I appreciate any and all feedback!! Thanks so much!!!


----------



## Lourdes562

Hi, from what I understand no there is no way of cleaning vachetta leather sorry, however  some people use Mr. clean magic eraser. See youtube for videos but make sure you look up "louis vuitton magic eraser" since they are the most popular brand that has vachetta leather. I tried this once and it kinda worked for a small stain. But look at the video for instructions.. as far as treating the leather check out apple brand leather conditioner and cleaner every one here seems to use this for their louis vuitton vachetta it might even up the stain. anyway I hope I've helped you some.


----------



## Elliespurse

I agree with *Lourdes562* about cleaning vachetta leather, it has a smooth top finish and using magic eraser just rubs off this finish and leaves the leather matte and dull and it will never be the same as the rest of the bag. (I have a second hand LV Beverly GM where the previous owner used a pink eraser on the corners and it doesn't look the same as the rest of the bag) Using a pink eraser very very lightly could lighten the stain though.

Barbara at LMB (Lovinmybags.com) has done some restoration on vachetta bags though and you could ask her.


----------



## LeatherDoc

As with most leathers you can clean them with the right product, but with varying degrees of success.  It is possible to clean vachetta leather, but usually you have to do a certain amount of oil removal, as this is normally the most common problem.  oils from you hand/skin will penetrate the leather (due to its unfinished state).  Once the oils are removed you can begin with the clean.

If you are in the USA, I know "Lovin my bags" do a cleaner that will resolve it for you.  Alternatively if you are in Europe go to THBS and use Dermo Cleanse.

Remember to use a protector on the leather after you have cleaned it and it will stop this problem from happening again.


----------



## chowlover2

sweetpea61 said:


> I received the Coach Stewardess purse in british tan for Christmas. I saved it until the spring and wore it out for the first time last weekend. Of course, someone spilled on it. I realize that this is Vachetta leather aka untreated, but does anyone have any recommendations on possibly cleaning it? Or any advice regarding this situation? I've heard you can use Murphy's Oil... Is there anything I can put on the bag to waterproof it or protect from further damage?
> 
> Coach no longer cleans or repairs their purses, so they sent me to a recommended shoe, handbag, and leather repair shop. I was basically told that I never should have bought the purse since the leather was untreated. He said that they would dye it to try to cover up the stain at a cost of $75!! Anyone have experience with this?
> 
> I appreciate any and all feedback!! Thanks so much!!!


Do you have a pic of your bag with the stain? Please post in our rehab & rescue thread, we may be able to help you there, here's the link.





> http://forum.purseblog.com/coach/coach-rehab-and-rescue-club-624452-191.html


----------



## rainrowan

My suggestion is that you clean it and condition it. The stain will probably always be there, but will fade into the leather once the british tan starts to patina all over the bag.  Understand that the purpose of vachetta is to show all the tonal variations of the patina process. 

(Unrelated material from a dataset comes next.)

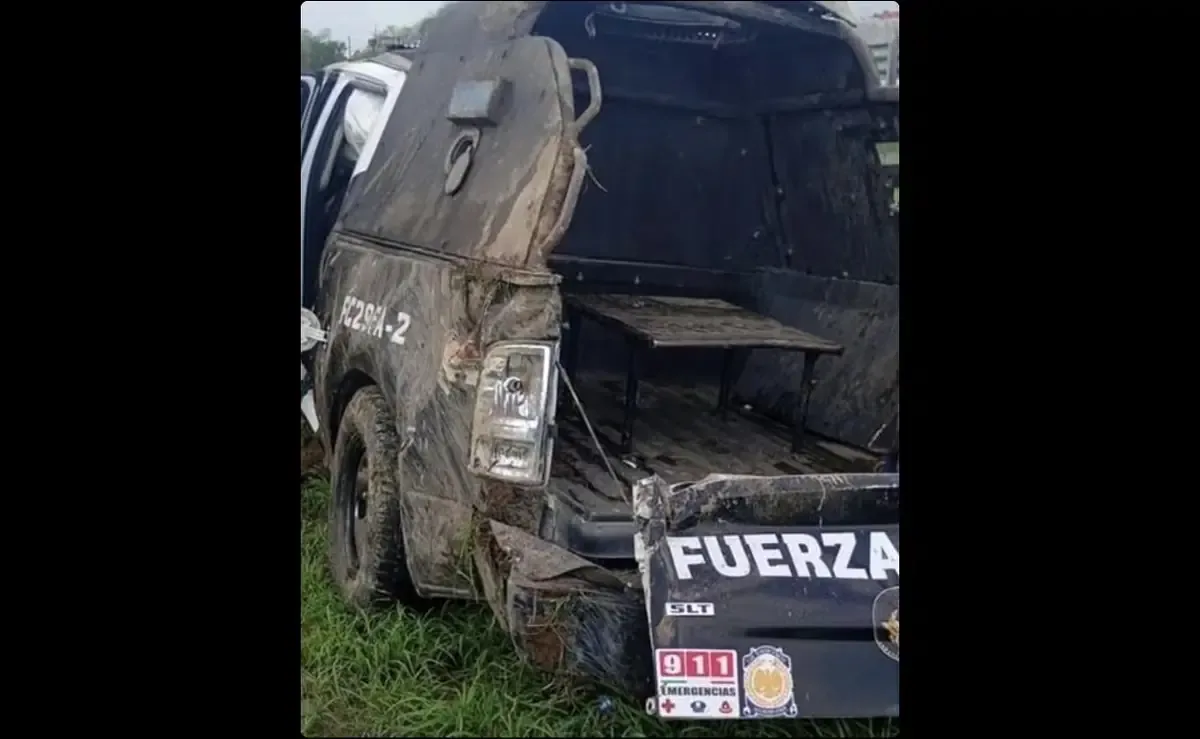 El accidente ocurrió en el Anillo Periférico, generando luto entre la corporación de seguridad.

Think to yourself an aged bridle saddle. It has beautiful deep golden colors in all hues and they are blended together over many years of usage. I had a Coach duffel bag (it's their satchel) I used for a decade (now my mom is using it) and it has a nice shiny burnish to it and all those little shades that signal long life of usage.

The first mark on your vachetta is always the most painful, but I would say to you now is to use it every day, running your hands over the leather and enjoy using it. The warmth from your hands will cause the natural oils in vachetta leather to come out to produce a beautiful patina. I think the shiny patina is more desirable than a uniform color.

Here's something of an example... this is a well used saddle that has tonal variations all over. gorgeous!






Source: Highlands Trading Post


----------



## kings_20

Can a water repellent spray be used on vachetta or will that leave watermarks on it?


----------



## chessmont

kings_20 said:


> Can a water repellent spray be used on vachetta or will that leave watermarks on it?



I used a spray called Vectra and it is even safe for silk, it says.  Haven't had any misfortunes with my Coaches to test out its effectiveness, though


----------



## sweetpea61

Thanks to everyone for your advice!! I decided to leave it alone and it seems to be weathering a bit. I love it despite the stains!!


----------